Getting Started with CUDA Samples
CUDA™ is a parallel computing platform and programming model invented by NVIDIA. It enables dramatic increases in computing performance by harnessing the power of the graphics processing unit (GPU).
This document is intended to introduce to you a set of samples that can be run as an introduction to CUDA. Most of these samples use the CUDA runtime API except for ones explicitly noted that are CUDA Driver API.
To run these samples, you should have experience with C and/or C++. It is not required that you have any parallel programming experience to start out.
- Windows
- ProgramData\NVIDIA Corporation\CUDA Samples\v5.0
- Linux
- ~/NVIDIA_CUDA-5.0_Samples
- Mac OSX
- /Developer/NVIDIA/CUDA-5.0/Samples
Before You Begin
This document assumes you have installed CUDA on your system. CUDA runs on Windows, Mac, and Linux environments. To install CUDA, refer to the CUDA Getting Started Guide available with the SDK and on the CUDA web site at http://www.nvidia.com/cuda
Getting Started
- Getting started samples. If you are new to CUDA, these are the best samples to begin with.
- Simple CUDA samples
- Samples that demonstrate CUDA + Graphics interoperability
Getting Started Samples
matrixMul, matrixMulCUBLAS
This sample implements matrix multiplication as a CUDA kernel. It has been written for clarity of exposition to illustrate various CUDA programming principles, but not with the goal of providing the best performance kernel for matrix multiplication. For performance, this sample also uses the CUBLAS library to show high-performance matrix multiplication.
simpleTemplates
This sample is a templatized version of the template project. It also shows how to correctly templatize dynamically-allocated shared memory arrays.
template
This sample is a basic template project that can be used as a starting point for creating new CUDA projects.
template_runtime
This is a simple template project that can be used as a starting point to create a new CUDA project that does not use the cutil library.
Simple CUDA Samples
BandwidthTest
This is a test program to measure the memory copy bandwidth of the GPU. It currently is capable of measuring device-to-device copy bandwidth, host-to-device copy bandwidth for pageable and page-locked memory, and device-to-host copy bandwidth for pageable and page-locked memory.
Clock
This example shows how to use the clock function in CUDA kernels to measure the performance within a kernel accurately.
cudaOpenMP
This is a sample application demonstrating how to use the OpenMP API for launching workloads across multiple GPUs. The binaries for this sample are not pre-built with the Windows installer.

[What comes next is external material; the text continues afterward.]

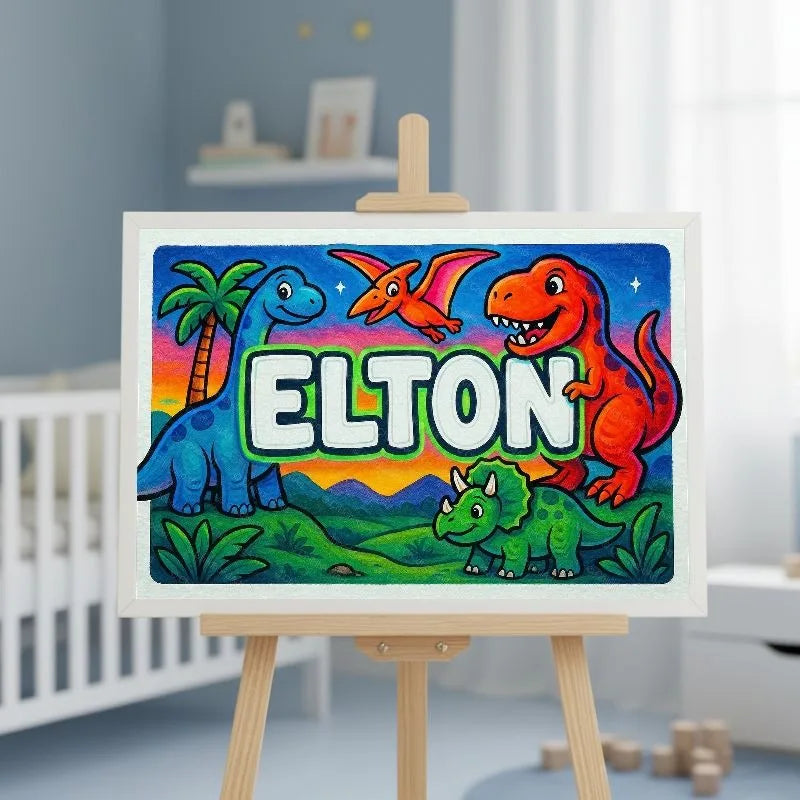 Elton Name Art - Dinosaur Adventure personalized wall print for kids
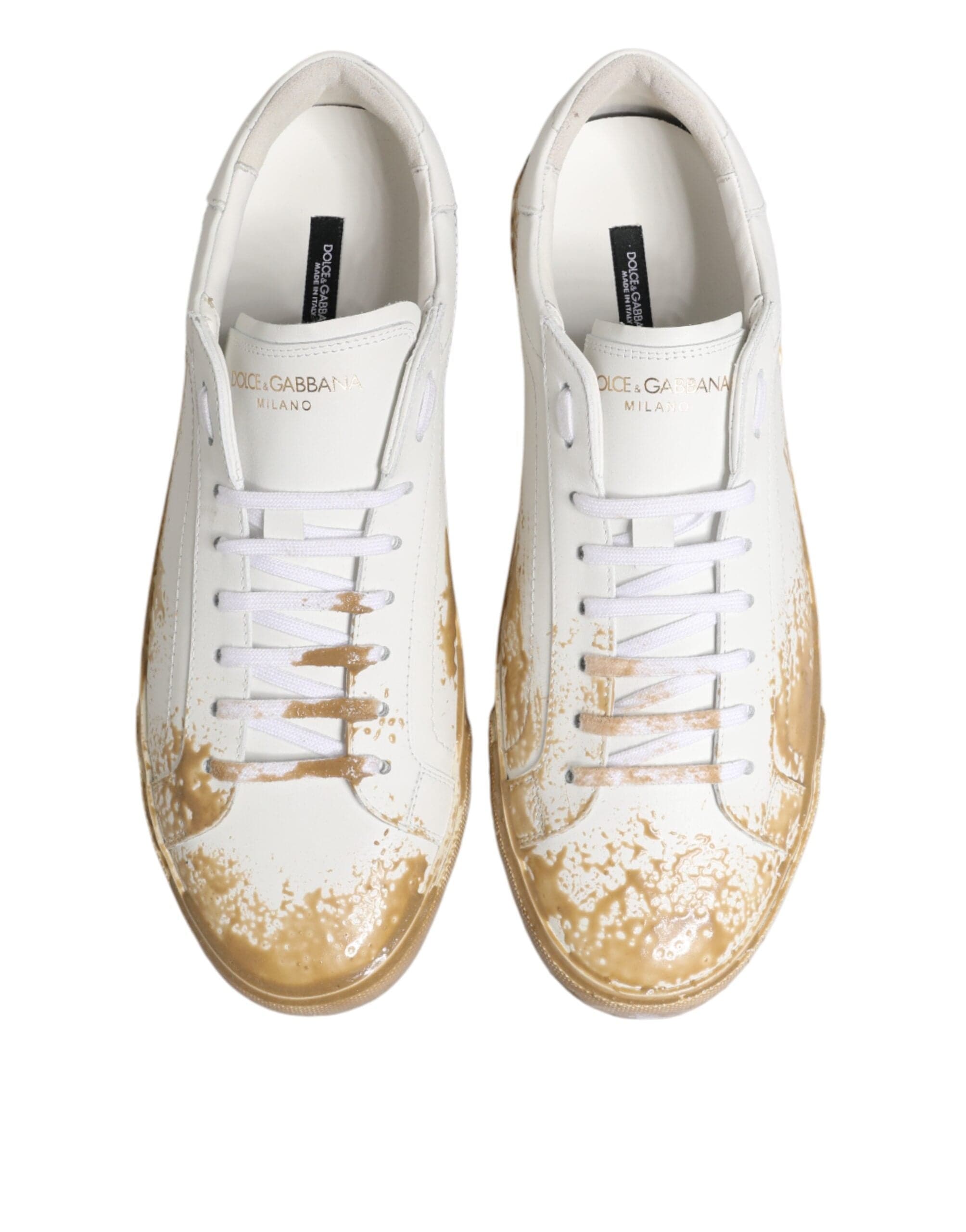 Dolce & Gabbana White Leather Paint Effect Low Top Sneakers  Shoes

deviceQuery, deviceQueryDrv
These two samples show how to enumerate properties of the CUDA devices present in the system (using the CUDA runtime API). The *Drv version has the same functions as the runtime sample, but uses the CUDA Driver API.
Ptxjit
This sample demonstrates JIT compilation of PTX code. This sample uses a PTX program embedded in a string array. The CUDA Driver API calls are used to compile and run a PTX program.
simpleAtomicIntrinsics
This is a simple demonstration of global memory atomic instructions. This sample requires Compute Capability 1.1 or higher.
simpleCUBLAS
This is a basic example demonstrating how to use the CUBLAS (CUDA Basic Linear Algebra) library. This sample can be found within the 7_CUDALibraries folder.
For more details on how to use the CUBLAS Library, refer to the CUBLAS Library Programming Guide included with the CUDA Toolkit.
simpleCUFFT
This is a basic example demonstrating how to use the CUFFT (CUDA Fast Fourier Transform) Library. In this sample, CUFFT is used to compute the 1D-convolution of a signal. The signal is transformed to the frequency domain, multiplied together with a filter kernel, and then the signal is transformed back to time domain. This sample can be found within the 7_CUDALibraries folder.

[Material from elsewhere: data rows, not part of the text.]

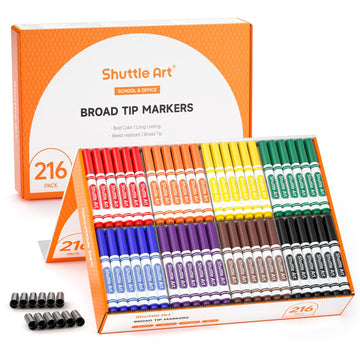 Shuttle Art 216 Pack Washable Markers, 8 Assorted Colors Broad Line Conical Tip Large Markers Bulk with a Box, Bonus Caps, Home Classroom School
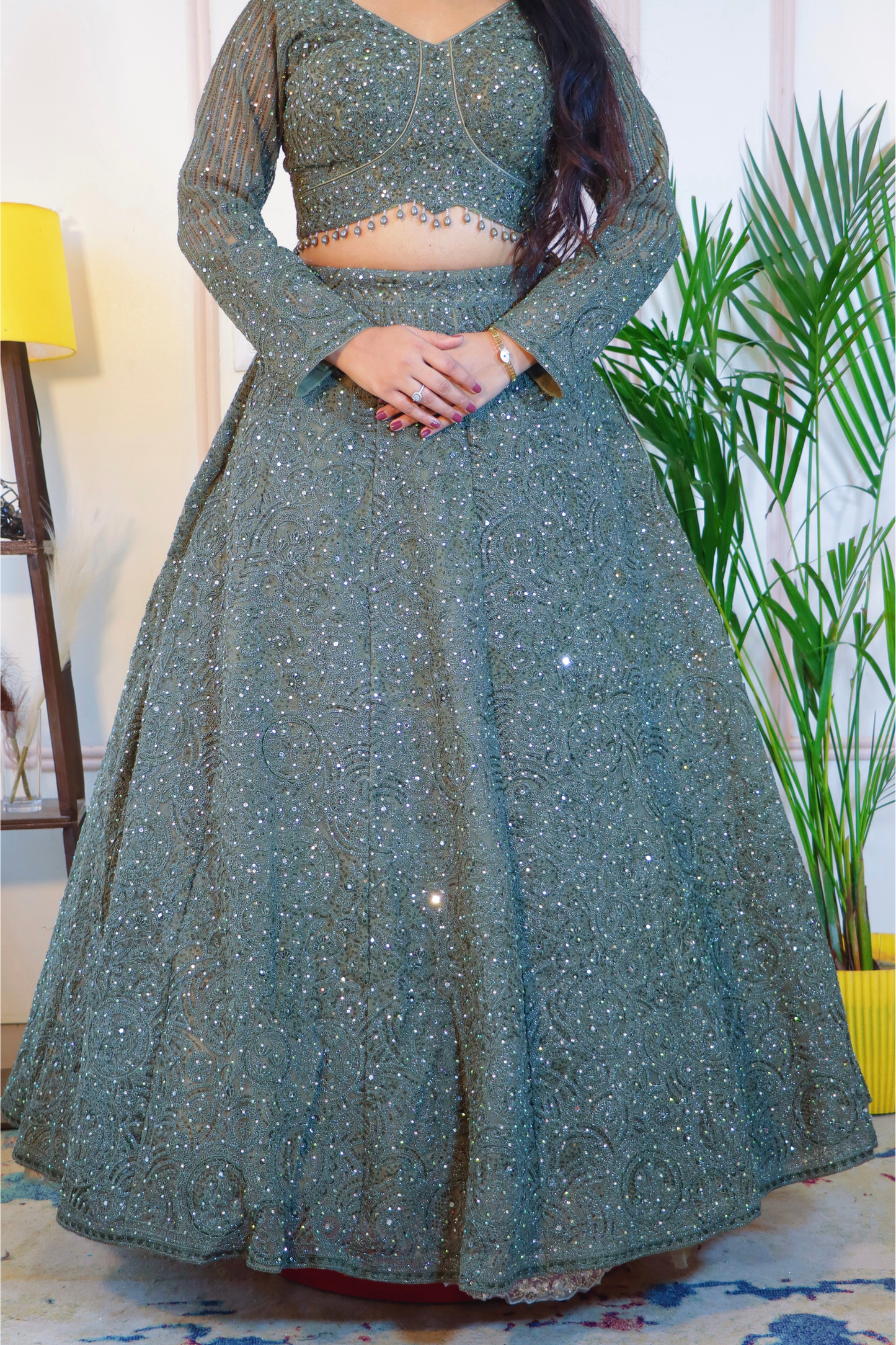 Mehndi Green Bridal Lehenga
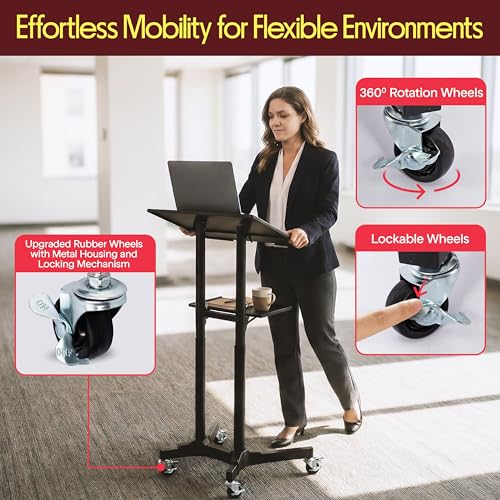 Pyle Black Lectern Podium Stand with Adjustable Height & LED Light Kit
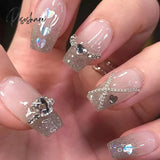 24Pcs Wearable Pink Press On Fake Nails Tips With Glue False Nails Design Butterfly Lovely Girl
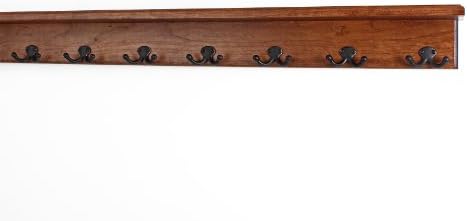 PegandRail Solid Cherry Shelf Coat Rack with Aged Bronze Double Style Hooks - Made in The USA (Mahogany, 37" with 7 Hooks) by PEG+AND+RAIL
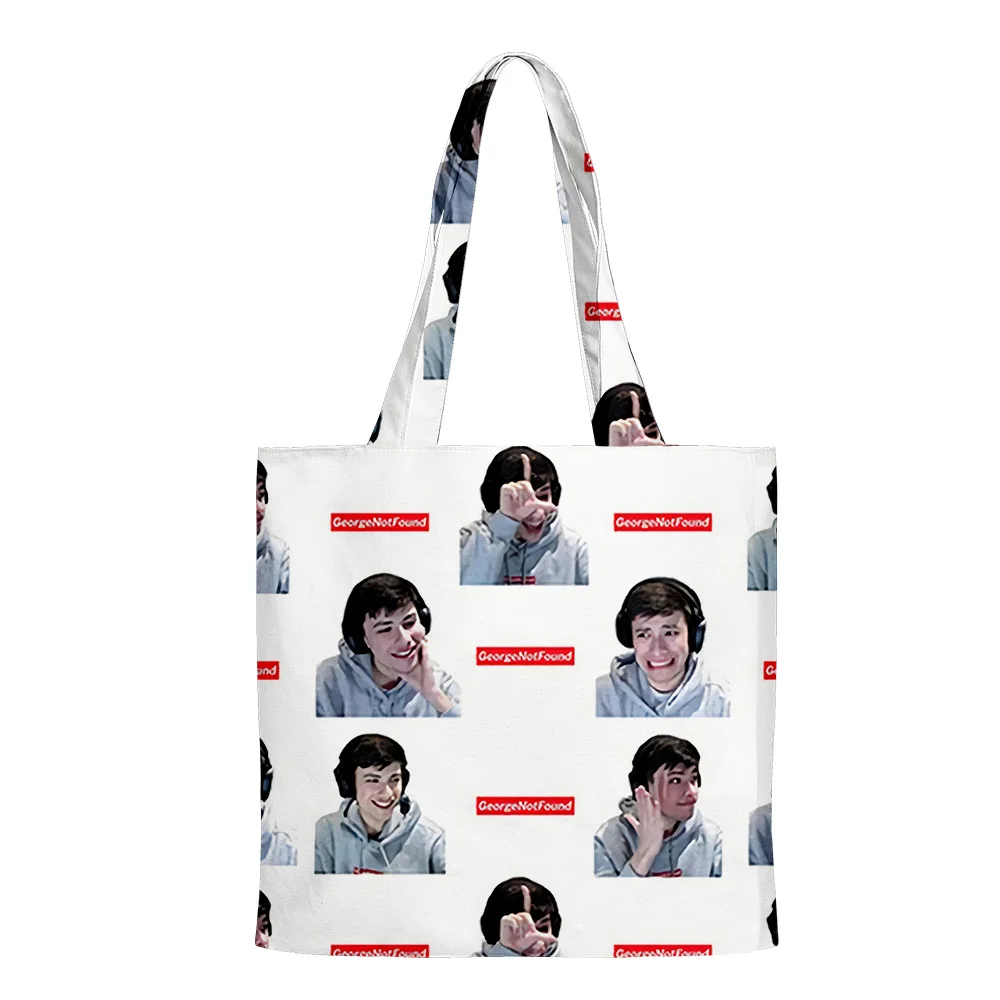 

New Georgenotfound 3D Merch Hip Hop Handbags Cloth Canvas Tote Bag Shopping Bags Reusable Shoulder Shopper Bags Casual Pacakge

For more details on how to use the CUFFT Library, refer to the CUBLAS Library Programming Guide included with the CUDA Toolkit.
simpleMPI
This demonstrates how to use MPI in combination with CUDA to demonstrate how to launch workloads across multiple systems that have a GPU. This sample generates some random numbers on one node, dispatches to all nodes, then computes the square root on each node’s GPU. Then the average results of the results are computed. The binary is not pre-built with the installer.
simpleMultiCopy
Since Compute Capability 1.1, it is possible to overlap compute with one memcopy to/from the host. Compute Capability 2.0 with a Tesla or Quadro GPU improves on this by enabling a second parallel copy operation in the opposite direction at full speed (PCIe is symmetric). This sample illustrates the usage of CUDA streams to achieve overlapping of kernel execution with copying data to and from the device.
simpleMultiGPU
This application demonstrates how to use the CUDA API launch workloads across multiple GPUs. Starting with CUDA 4.0, there is a new API for CUDA context management and multi-threaded access. This greatly simplifies the way that CUDA kernels can be launched across multiple GPUs.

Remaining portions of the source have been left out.